Aides at FAA charge neglect

WASHINGTON — WASHINGTON -- Three veteran Federal Aviation Administration inspectors told lawmakers yesterday that their agency supervisors looked the other way while Southwest Airlines neglected to inspect planes as required and continued to fly them even after discovering cracks in some of them.

The inspectors said their FAA supervisors knew of the problems but had discouraged them from pursuing the safety problems or addressing problems within the agency, even threatening to relieve them of their duties.


One was removed from his job as an office manager and another was encouraged to apply for a transfer, they said. A third said he was temporarily removed from his role overseeing Southwest as a result of complaints by the airline.

The FAA has since proposed a fine of $10.2 million against Southwest, because it flew tens of thousands of flights without performing inspections of the fuselage skin. The inspections were meant to prevent a repeat of a 1989 accident in which a huge chunk of skin peeled off an Aloha Airlines plane in flight.

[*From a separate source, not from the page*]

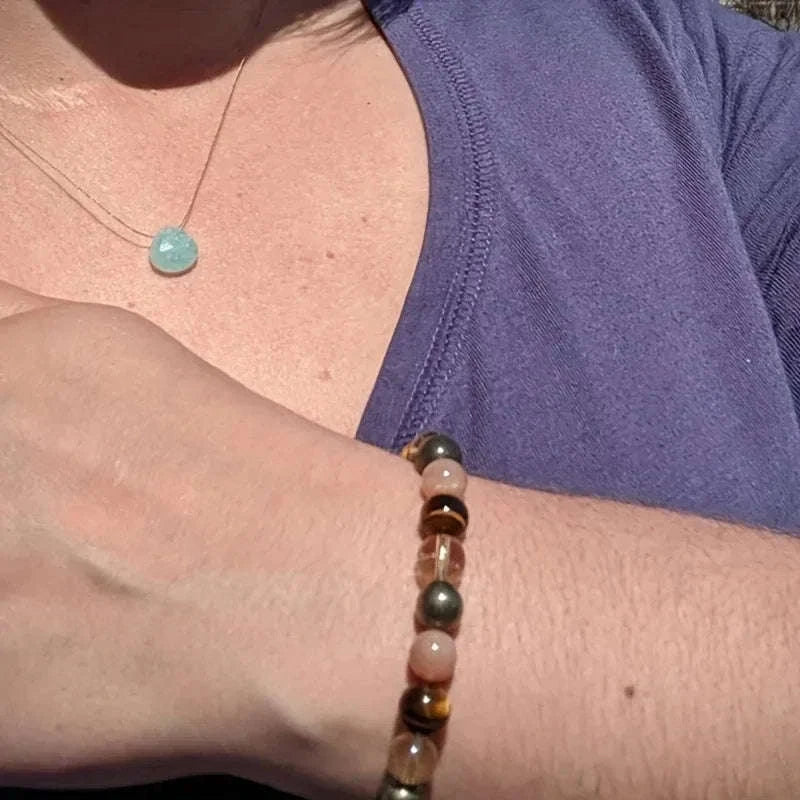 ✨ Boho Multicolor Stone Bead Patchwork Bracelet – Perfect Jewelry Gift for Free-Spirited Style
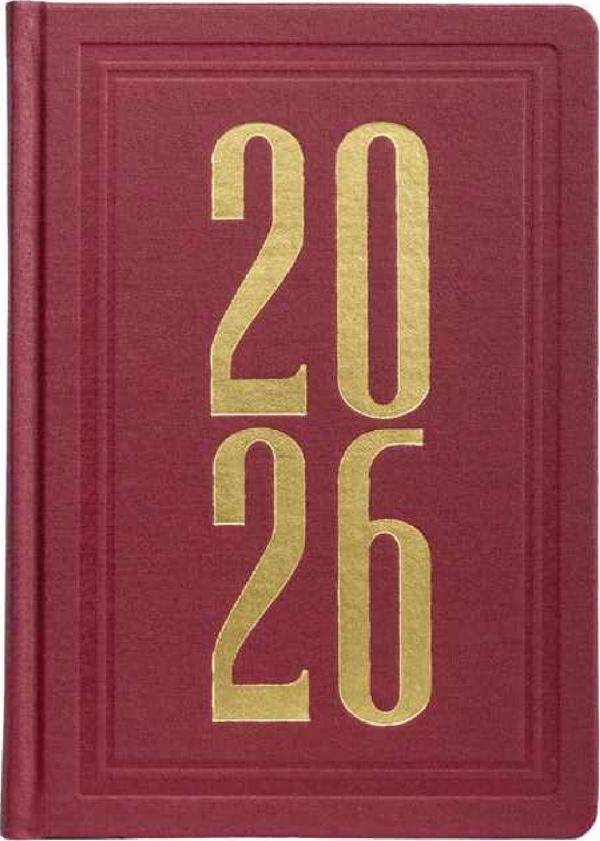 ECE AJANDASI AŞİYAN 2026 Bordo - Sayfada 2 Günlük 13x18 - Image 1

Southwest later notified the agency that it had stopped flying the planes, while in fact it continued to fly them.

The FAA then announced an "audit" of compliance with its orders, leading Delta and American to ground scores of planes because of the possibility of missed inspections. United Airlines had to re-evaluate seven Boeing 747s for a slightly different reason, when an inspector found that their altimeters had been checked by a repair shop owned by Korean Air Lines using an instrument that had not been calibrated.

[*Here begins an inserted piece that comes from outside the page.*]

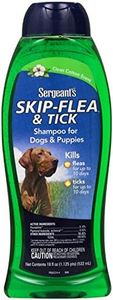 Sergeant's Skip-Flea and Tick Shampoo for Dogs, Clean Cotton, 18 oz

The testimony, some of which had been foreshadowed by news accounts, came amid intense scrutiny of airlines' inspection procedures and sharp criticism from Congress of the quality of FAA oversight. Southwest and other airlines have suspended hundreds of flights while undertaking inspections that critics say were long overdue.

The hearing was held by the House Transportation and Infrastructure Committee, whose chairman, Rep. James L. Oberstar, said: "The opening paragraph of the FAA Act of 1958 directs the newly established agency to maintain safety at the highest possible level. Not the level the airlines want to spend money on, not the level the airlines think is OK, but the highest possible level." The Minnesota Democrat said the agency had become too "cozy" with the airlines.

The agency has acknowledged some of the problems cited by the inspectors. Nicholas A. Sabatini, the associate administrator for safety, said before the hearing that "it was a failure on the part of individuals in my organization and midlevel managers at Southwest." But the system, he said, is still extremely safe.

Part of the problem, according to several safety experts, is that the FAA now relies heavily on the airlines to inspect themselves and report their problems. They say the agency's 2,800 inspectors spend more time reviewing airline records than checking airplanes.

The criticism has been unusually severe, given that the airlines have had an extremely good safety record in recent years, with no major crashes since 2001.

The agency has stressed that it is attempting to find safety problems before crashes rather than afterward.


In fact, the rate of fatal accidents per flight dropped by more than 60 percent in the 10 years that ended Sept. 30.

But the inspectors insisted that problems run deeper. "Despite the fact that our databases are full of positive findings, the current events are proving us wrong," said one inspector, Charalambe Boutris. The airlines failed to comply with "airworthiness directives," or ADs, orders that are issued after crashes or after one carrier discovers a problem so that fixes are instituted on all planes. Boutris pointed out that there were "hundreds of aircraft taken out of service with AD compliance issues."

"The majority of the ADs are the result of catastrophic accidents, and as the industry saying goes, ADs are written in blood," he said.

"No supervisor can do what my supervisor was doing without the support of fellow inspectors and the division management team," he said.

Another inspector, Douglas E. Peters, testified that even after the FAA manager had been removed, the replacement manager threatened him. The replacement pointed to a photo of Peters' family, pointed out that both Peters and Peters' wife had good jobs at the FAA, and said, "I'd hate to see you jeopardize yours and her careers" by pursuing ethics complaints against FAA managers.

Southwest, which was also scheduled to testify, has acknowledged errors but contends it did nothing unsafe. Herb D. Kelleher, executive chairman of the company, said before the hearing, "Regulatory noncompliance and being unsafe are two different things."


In a generally improving safety picture, maintenance-related crashes are a fraction of the total. There have been three in recent history.

A ValuJet DC-9 crashed in the Florida Everglades in May 1995, killing all 110 on board, because poorly supervised maintenance workers mishandled hazardous plane parts, causing a fire on board. In January 2000, an Alaska Airlines MD-80 crashed off the California coast because a tail assembly had been mislubricated, killing all 88 aboard. And in January 2003, a commuter plane crashed on takeoff in Charlotte, N.C., killing all 23 on board, partly because of a maintenance error in connecting the movable parts of the plane's tail to the control yoke in the cockpit.

The last crash of a big airliner in the United States was in November 2001, when an American Airlines flight leaving Kennedy International Airport for the Dominican Republic went down in Queens, killing 265. It is the longest period without a major jet crash in airline history.